Cette « Baraka » en retour, qui m’a sauvé d’un accident fâcheux, a aussi déconstruit les bases de lancement des ogives humaines et leurs commanditaires, a détruit les catapultes des boulets en chaire humaine que les dictateurs instrumentalisaient cyniquement. Cette « Baraka » qui a définitivement rompu le rêve de la Harga vers le nord par la déception et la désillusion des milliers de jeunes aspirants.
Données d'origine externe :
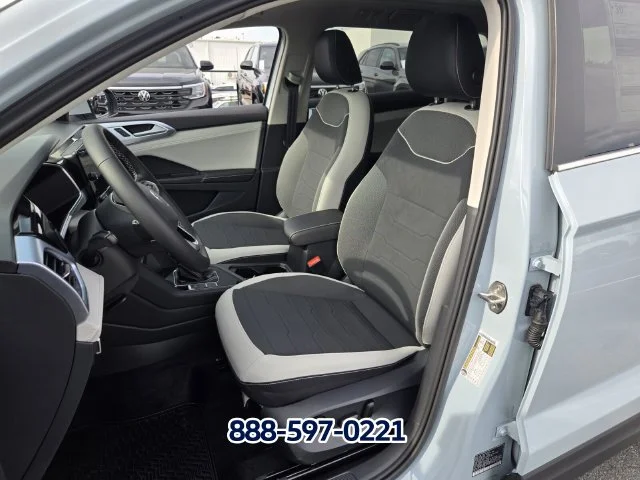 New 2027 Monument Gray9 Volkswagen SE image 6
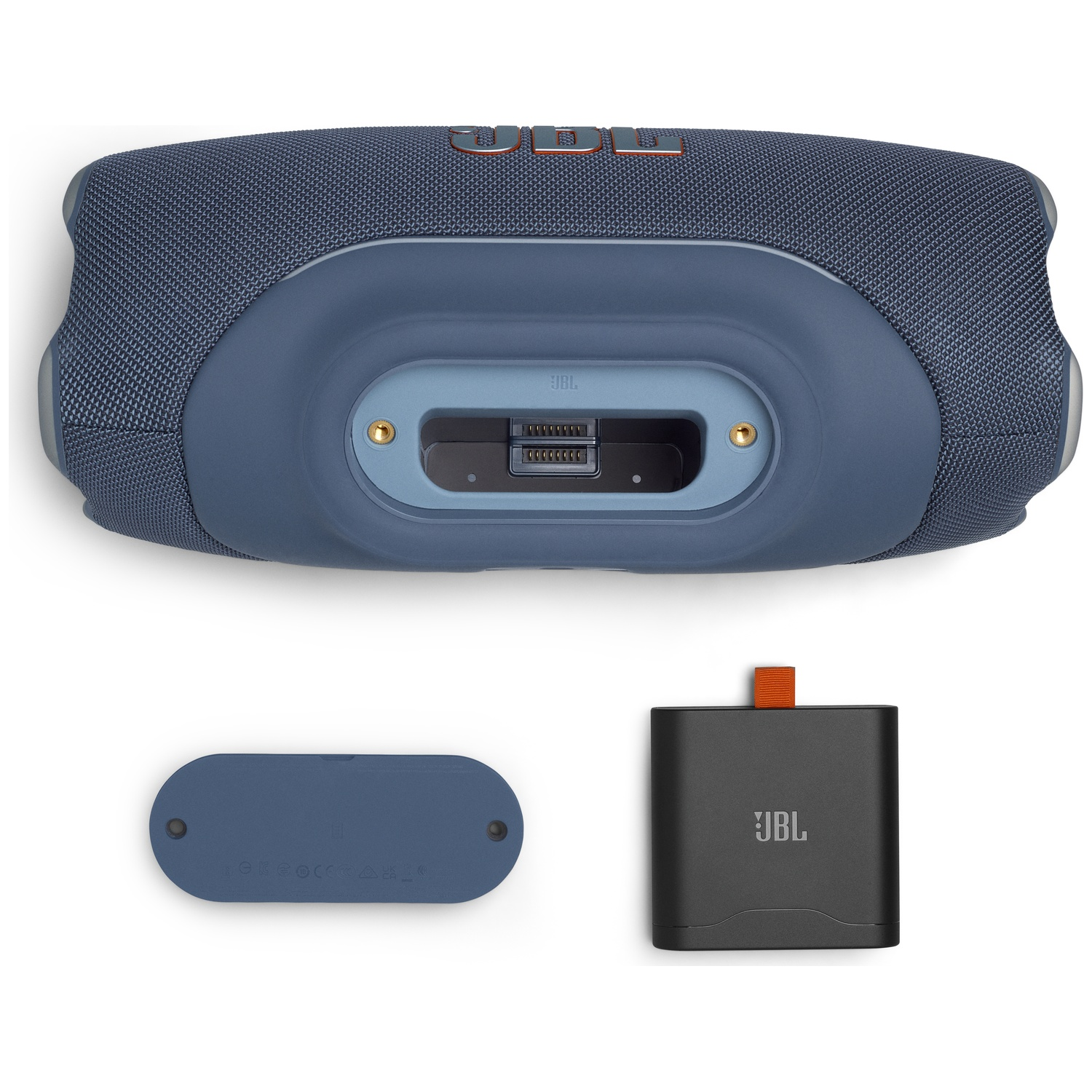 Une enceinte JBL bleue avec accessoires : port de charge, cache et batterie externe.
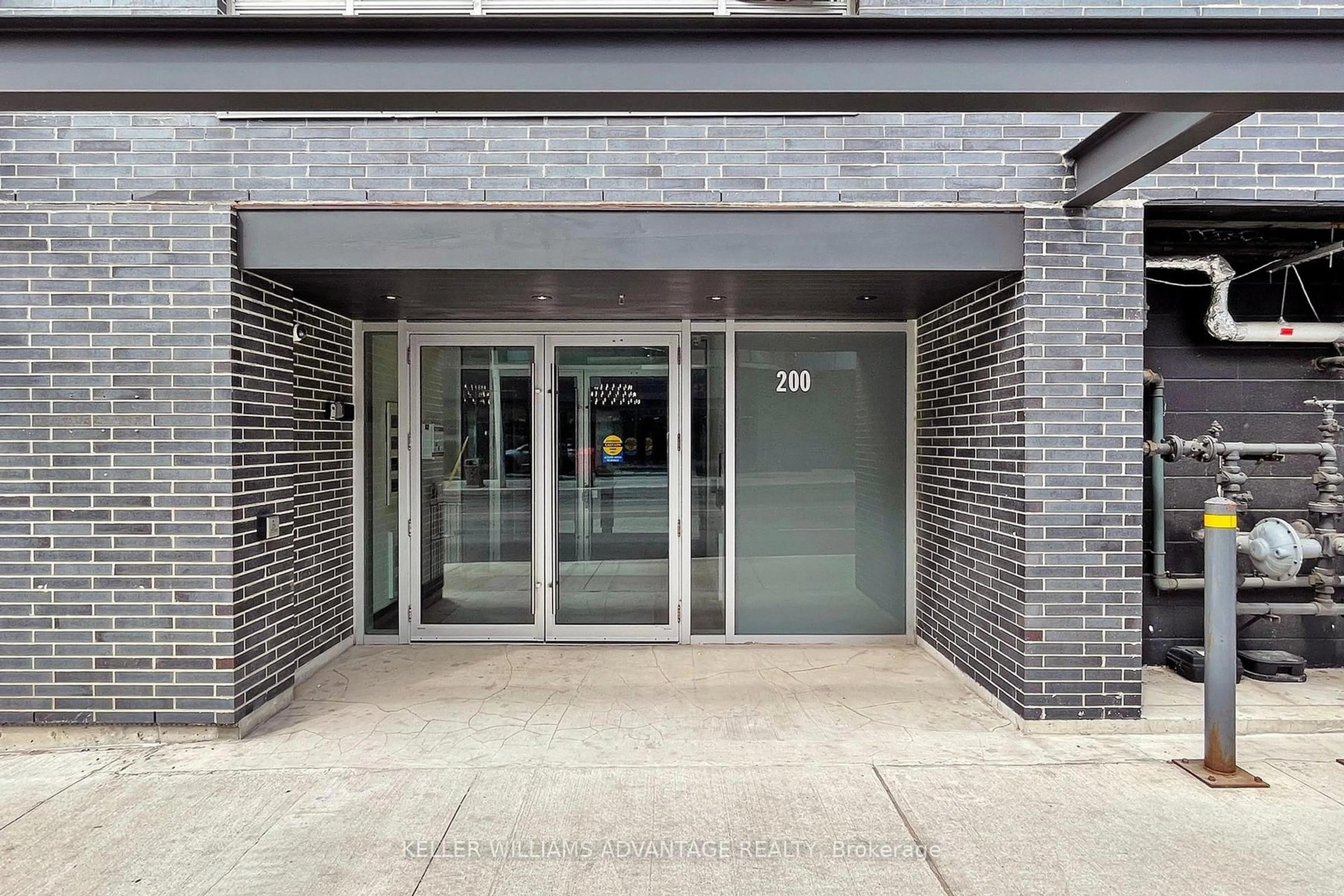 Indoor foyer for 200 Woodbine Ave #308, Toronto Ontario M4L 3P2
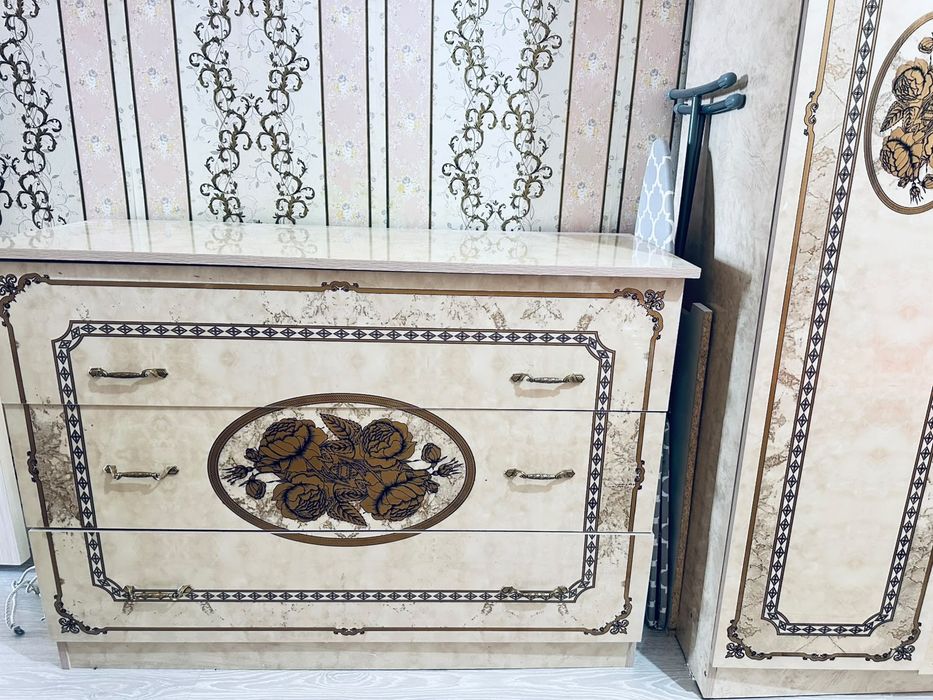 Спальни гарнитур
Elle a aussi protégé, cette terre d’accueil, de paix, de solidarité, d’humanité, des milliers de missiles, des armes chimiques, des mines, de l’artillerie lourde…qui n’avaient pas d’autres cibles que le sud Tunisien…

Cette « Baraka » qui se manifesta, quand le gri-gri de la jungle s’inspira de la mer, quand les prières supra religieuses de Boughmiga parvinrent à l’au-delà, quand les lamentations des corps flottant sur les vagues, les souffrances des mères meurtries dans l’attente d’un retour de l’enfant chéri, quand les cris de désapprobation des cormorans blancs au dessus des barques coulantes… retentirent dans d’interminables échos de plaintes…, est certainement, l’offrande de Mamadou, à l’humanité des hommes, pour finir avec les violences et les nonsenses.

Merci, Mamadou II, merci mon ami, que ton aura investisse les cœurs des hommes de la mer, du désert, de la jungle et du foret, pour y insuffler sagesse, paix et bonheur pour tous.